The Most Dangerous Person in the Brainstorm Meeting

“That won’t work, we already tried it.”

The question comes up from time to time: “What do you wish you learned earlier in your career?” For me, the answer is easy. The younger version of myself was an idea assassin.

If someone shared an idea in a brainstorm session that I didn’t immediately like, or if it sounded similar to something we had already attempted in the past, I would shut it down almost instantly. Sometimes with logic, occasionally with sarcasm, and often with the confidence of someone who thought experience automatically meant wisdom.

What I didn’t understand at the time was how expensive that behavior really was.

The damage wasn’t limited to one idea getting rejected. The real cost was what happened next. The room changed. People got quieter. The energy dropped, and risk-taking disappeared. Once someone watches an idea get publicly dismantled, they start calculating whether speaking up again is worth it. Often, the answer is no.

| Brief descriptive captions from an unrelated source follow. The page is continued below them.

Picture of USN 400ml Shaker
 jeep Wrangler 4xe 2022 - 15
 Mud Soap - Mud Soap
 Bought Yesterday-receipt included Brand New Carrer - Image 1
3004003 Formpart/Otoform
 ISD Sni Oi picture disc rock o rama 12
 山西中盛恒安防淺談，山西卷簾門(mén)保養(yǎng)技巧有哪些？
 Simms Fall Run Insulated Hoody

Over time, teams learn what gets rewarded and what gets punished. Our last blog post centered on curiosity and imagination. Here’s the reality: if curiosity gets met with resistance, people stop being curious out loud. They stop bringing rough ideas to the table. Worse, they stop challenging assumptions. Eventually, the conversation becomes painfully safe, and safe conversations rarely create anything meaningful.

“What do you wish you learned earlier in your career?” Brainstorming sessions are not courtrooms, and my role isn’t to be the judge. The goal isn’t to prosecute every imperfect thought. The goal is to explore, build, refine, and uncover possibilities that wouldn’t exist without open conversation.

Now, when someone throws out an idea that feels unrealistic, underdeveloped, or even familiar, I get excited. Instead of immediately looking for flaws, I try to ask better questions…

  • What part of this idea is interesting?
  • What would have to be true for this idea to actually work?
  • Are we dismissing this because it’s bad, or because it feels unfamiliar?
  • What has changed in the market, technology, or customer behavior since we last tried something similar?
  • Is there a smaller, lower-risk version of this idea we could test first?
  • What part of this idea are we reacting to emotionally instead of strategically?

I wish I had learned this lesson years earlier. A lot of leaders unintentionally become idea assassins because they value efficiency, experience, and decisiveness. That was certainly true for me. The irony is that over time, they slowly train their teams to stop bringing opportunities, insights, and creative thinking to the table. In a world where brands love to claim innovation as a core value, this is a great way to kill it.

If you want better ideas inside your company, your team, or your relationships, pay attention to how you respond when someone speaks up. The way you show up in those moments shapes whether the next idea ever gets shared at all.